One of the strengths of Brown’s approach is to provide some tools for analyzing inconsistency between proxies. This has been an issue that we’ve discussed here on an empirical basis on many occasions. Let’s suppose that you have a situation where your “proxies” are somewhat coherent in the instrumental period (say 1856 on), but are inconsistent in their earlier history – a possibility that can hardly be dismissed out of hand. And you can analyze your data in the instrumental period till you’re blue in the face – you can call part of it “calibration” and part of it “verification”, but it still won’t prove anything about potential inconsistency in earlier periods.

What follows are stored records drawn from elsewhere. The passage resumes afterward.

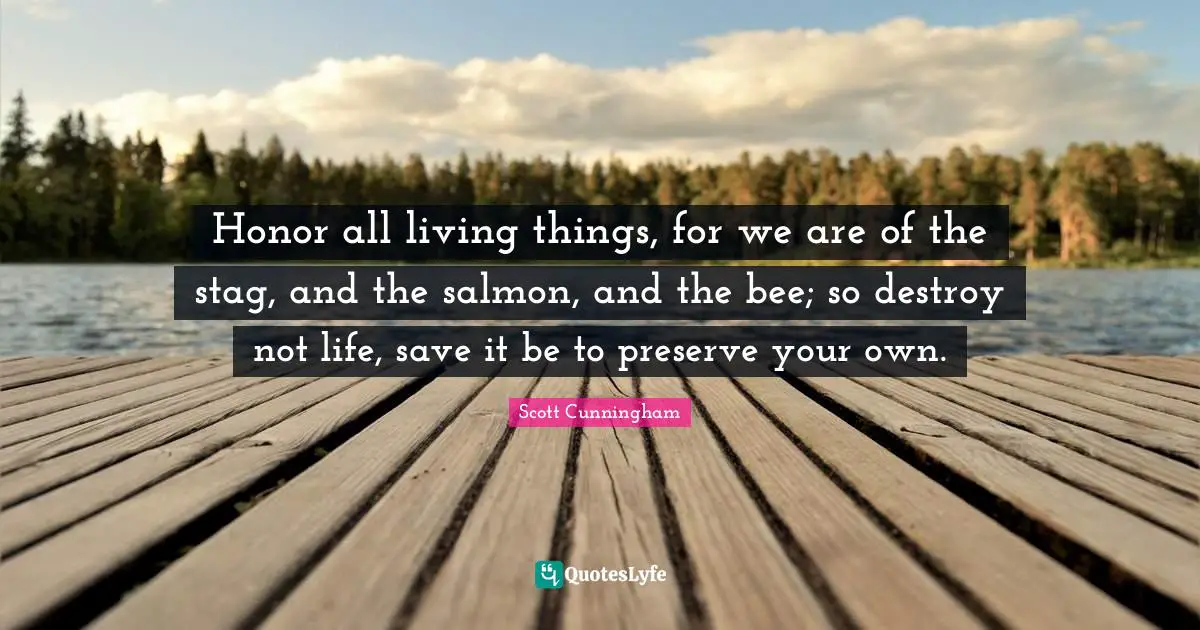 Bees Quotes: "Honor all living things, for we are of the stag, and the salmon, and the bee; so destroy not life, save it be to preserve your own."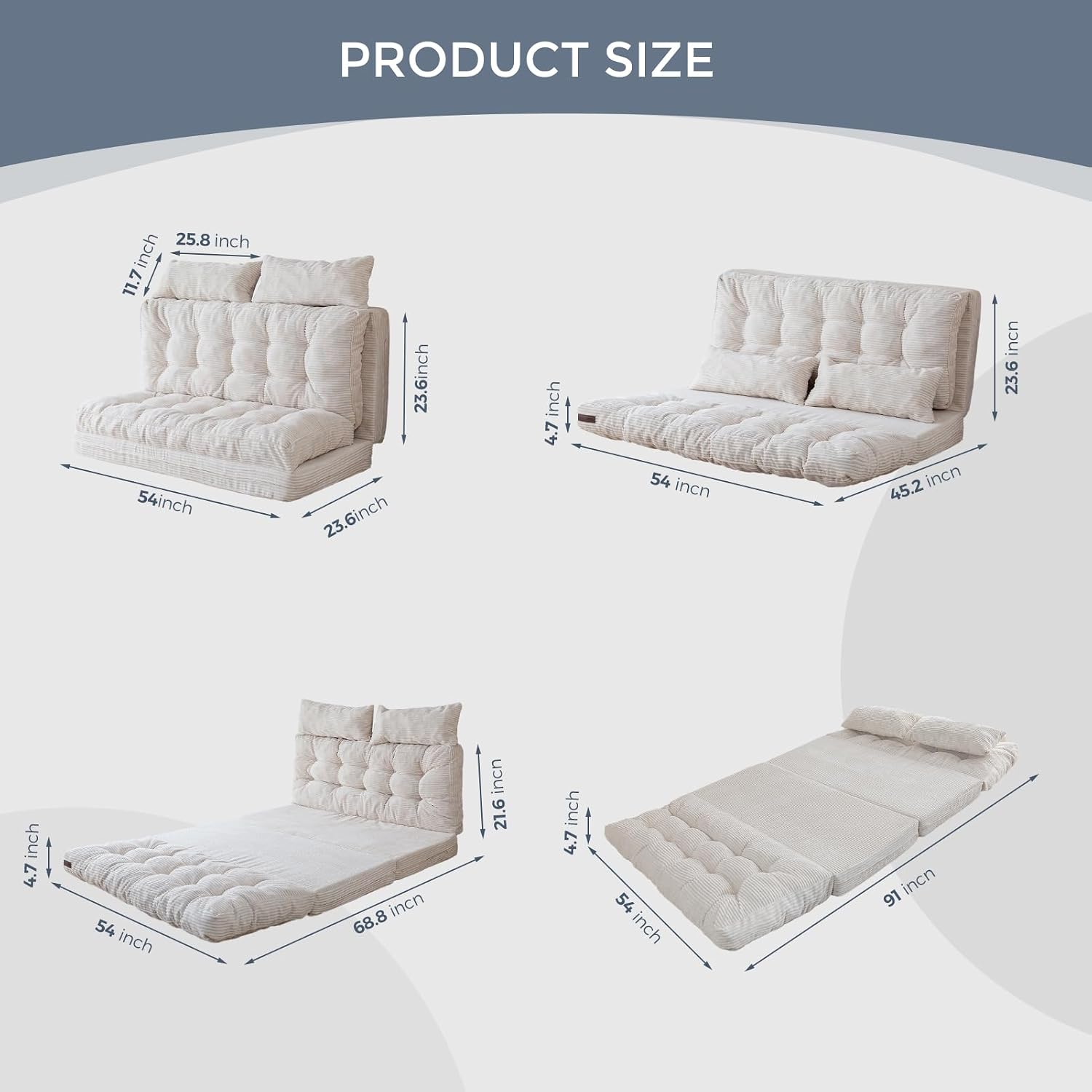MAXYOYO Folding Sofa Bed, Convertible Chair Couch, Tufted Bean Bag Sofa | Extra Thick with Washable Cover, Chaise Lounge, Floor Bean Bag Couch Bed for Bedroom Living Room, Beige, 54"x91"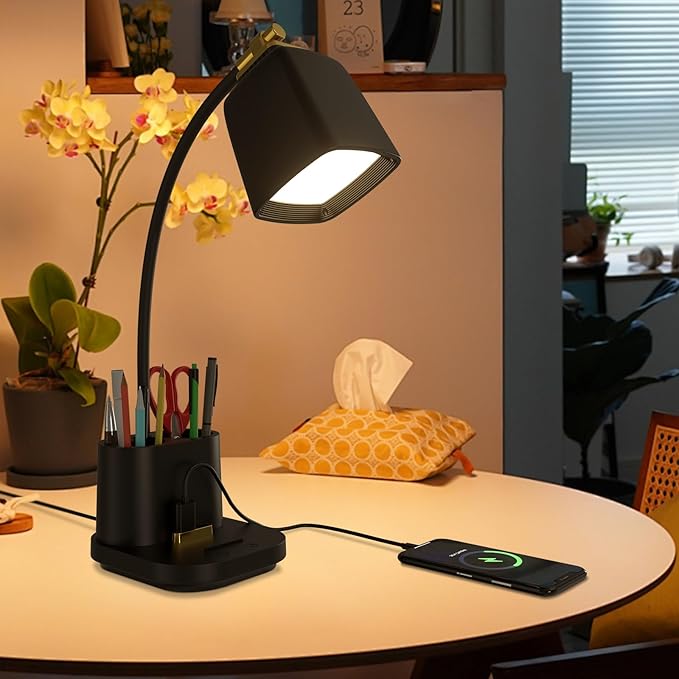 LED Desk Lamp with 2 USB Charging Port, 2 Pen Holders 3 Color Modes Dimmable Reading Light Desk Light, LED Small Desk Lamp Flexible Gooseneck Touch Table Lamp for Bedside Office Home, AC Adapter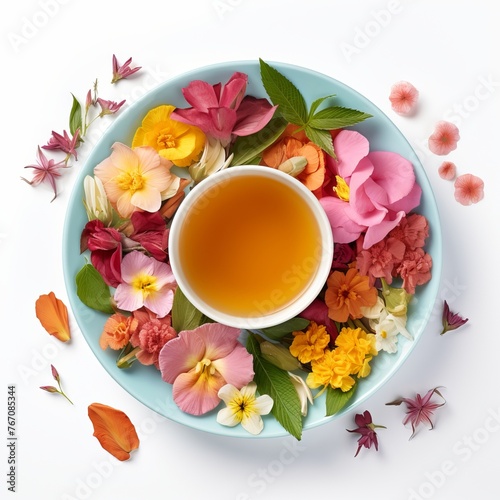 Beautiful Floral Tea Blends isolated on white background 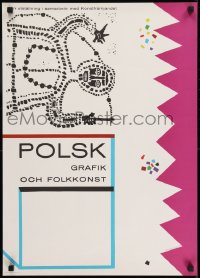 9k216 POLSK GRAFIK OCH FOLKKONST exhibition Swedish 20x28 1964 great Henryk Tomaszewski art!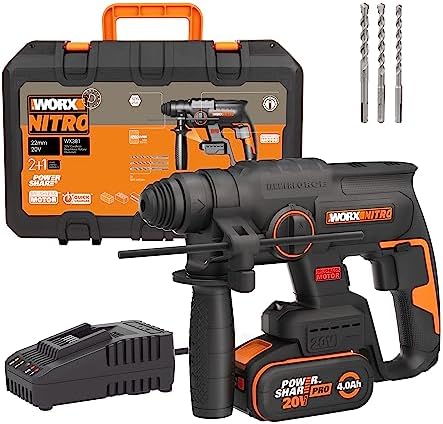WX381 Martillo Perforador Brushless 20V 2J Batería 4Ah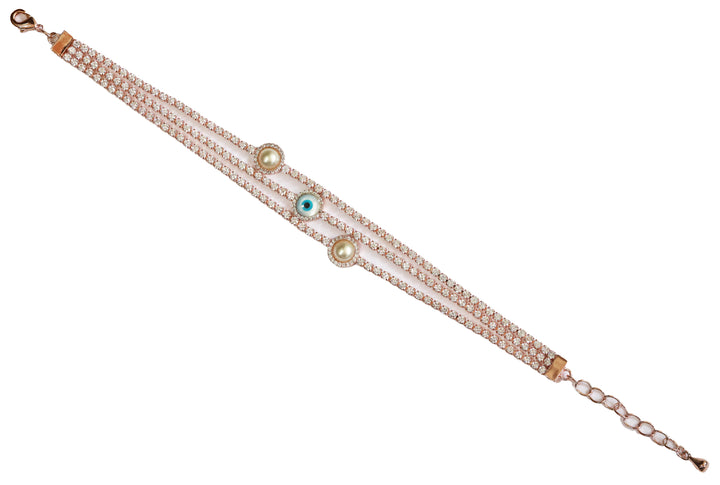 Zircon Evil Eye & Pearl Triple-Row Bracelet  8921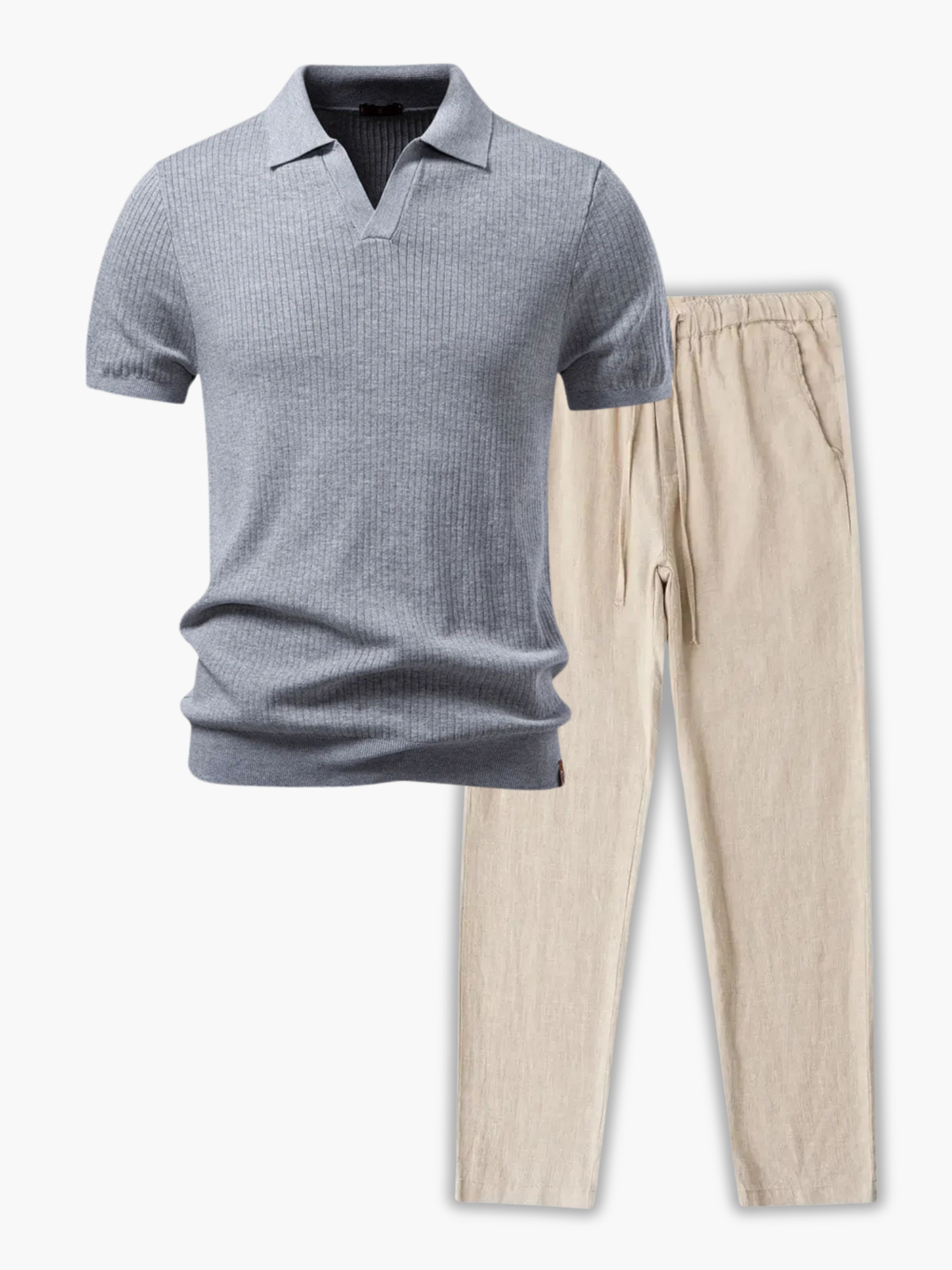 Ensemble homme polo côtelé - Gris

You have to have some way of measuring and analyzing potential inconsistency in the earlier periods – even if you don’t have instrumental information to calibrate against.
Brown’s “Inconsistency R” (which I’ll call Inconsistency Rb” here) to try to avoid confusion with
is one way of doing so. To motivate interest in details of this statistic, the figure below shows the Inconsistency Rb for the MBH99 network (14 series). Brown and Sundberg 1989 (p 352) says that this statistic has a chi-squared distribution with q-p degrees of freedom (here 14-1=13); the red line shows the 95% percentile value of this statistic (a benchmark used in Brown’s publications.
In my opinion, this is a very dramatic graph and should give pause even to the PR consultants and challengers hired by NOAA and NSF. There is obviously a very dramatic decrease in the Inconsistency Rb statistic in the instrumental period and particularly in the calibration period. This is a vivid quantification of something that we’ve observed empirically on many occasions. This change begs for an explanation, to say the least. This graphic raises two different and important questions: 1) what accounts for the change in inconsistency R statistic during the instrumental period relative to the pre-instrumental period? 2) what do the very high inconsistency R values in the pre-instrumental period imply for confidence intervals?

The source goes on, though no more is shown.